All lines from the one containing "22 Concord Hill Rd, Pittsfield, NH 03263" through the end of the material are to be given back exactly, without pictures.

## Raw data
⁂

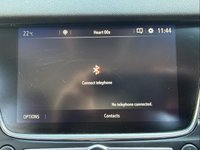 USED 2019 19 VAUXHALL GRANDLAND X 1.5 Turbo D BlueInjection Sport Nav SUV 5dr Diesel Manual Euro 6 (s/s) (130 ps) **EXTENDED WARRANTY+BREAKDOWN COVER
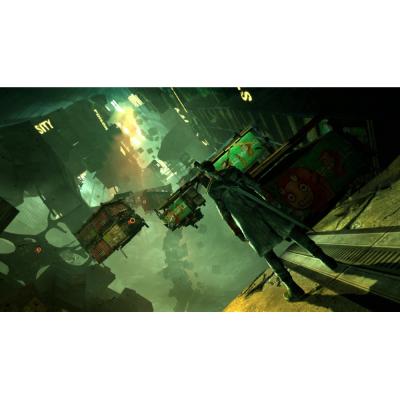 DmC Devil May Cry - Definitive Edition (Xbox One/Series, рус.)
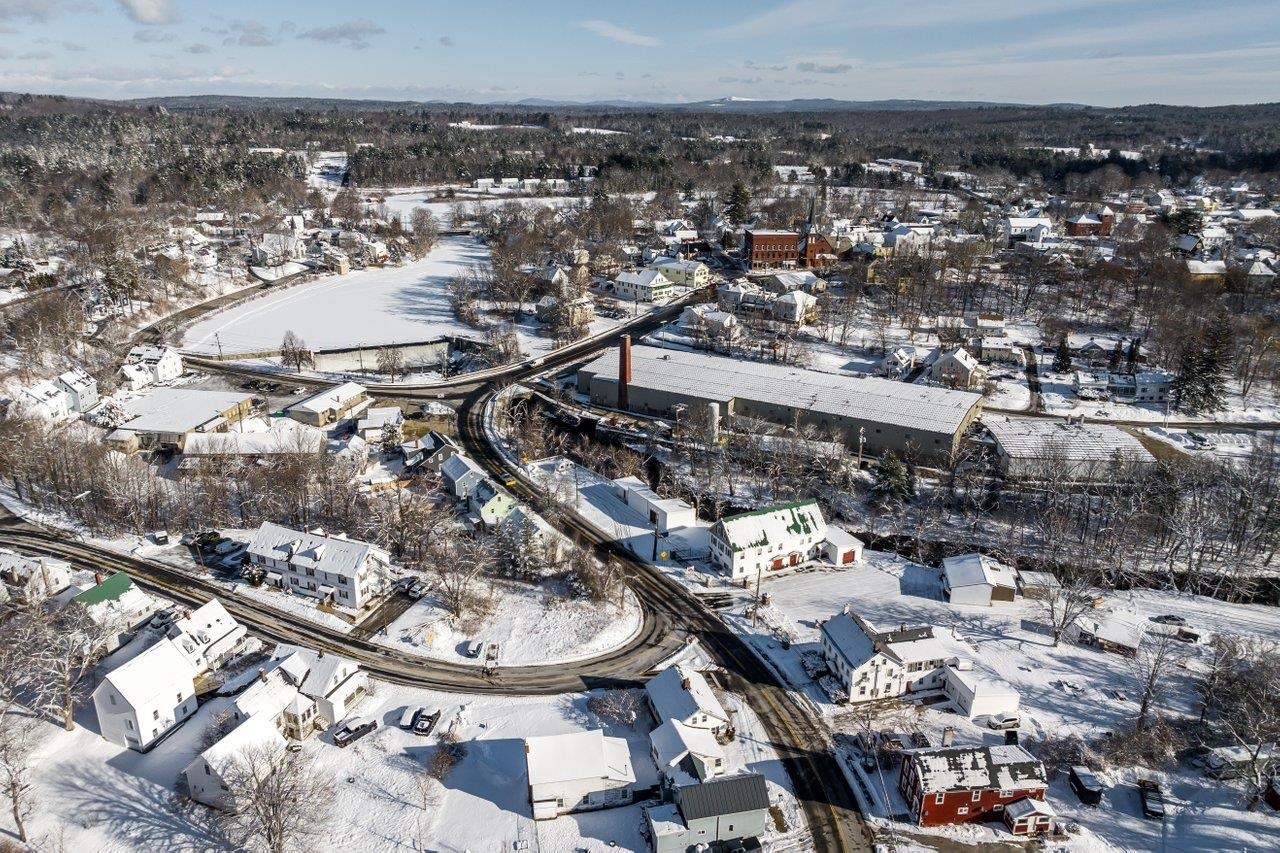 22 Concord Hill Rd, Pittsfield, NH 03263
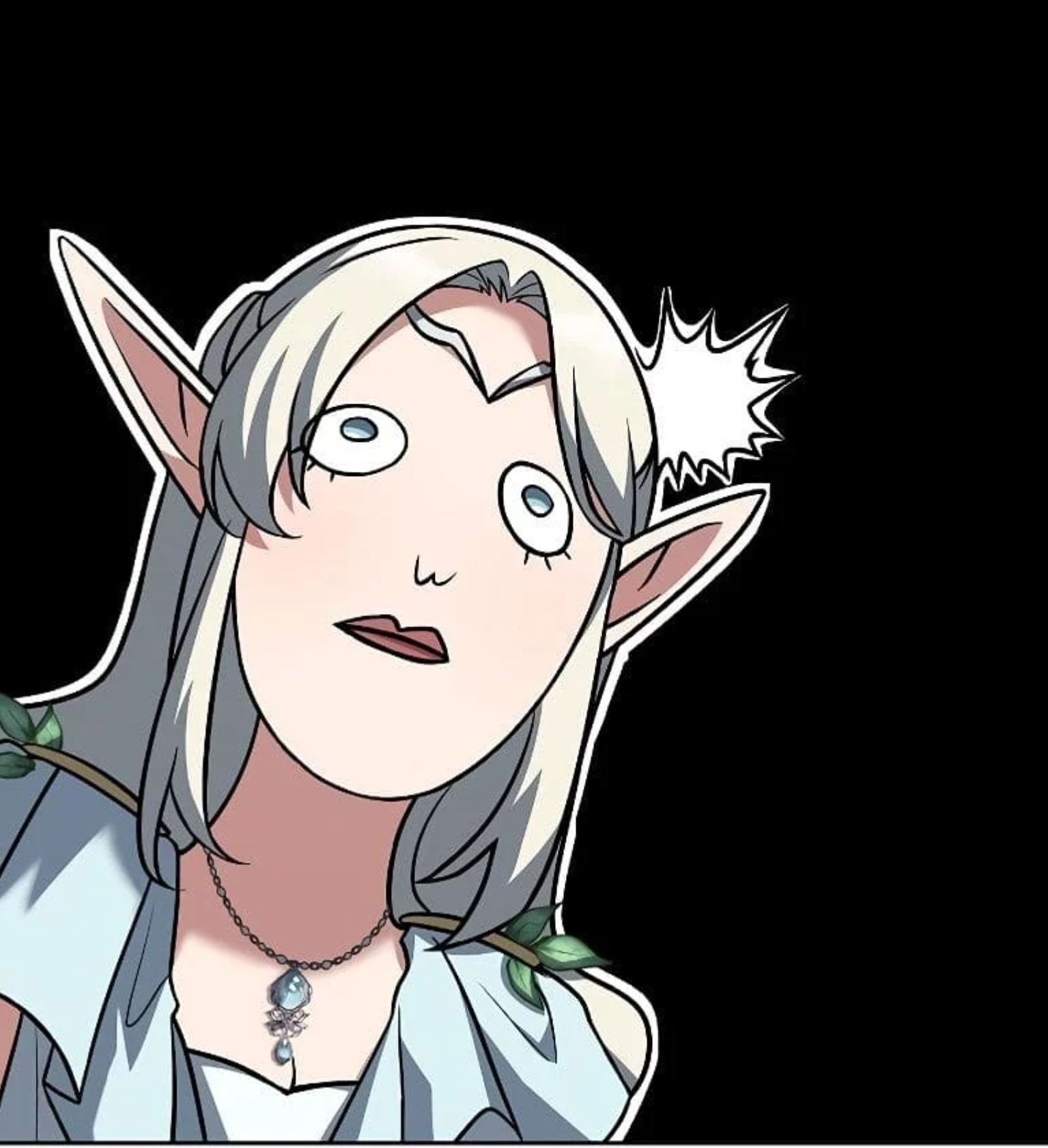 Pardon? Blank Meme Template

⁂

## Exercise output
 22 Concord Hill Rd, Pittsfield, NH 03263
 Pardon? Blank Meme Template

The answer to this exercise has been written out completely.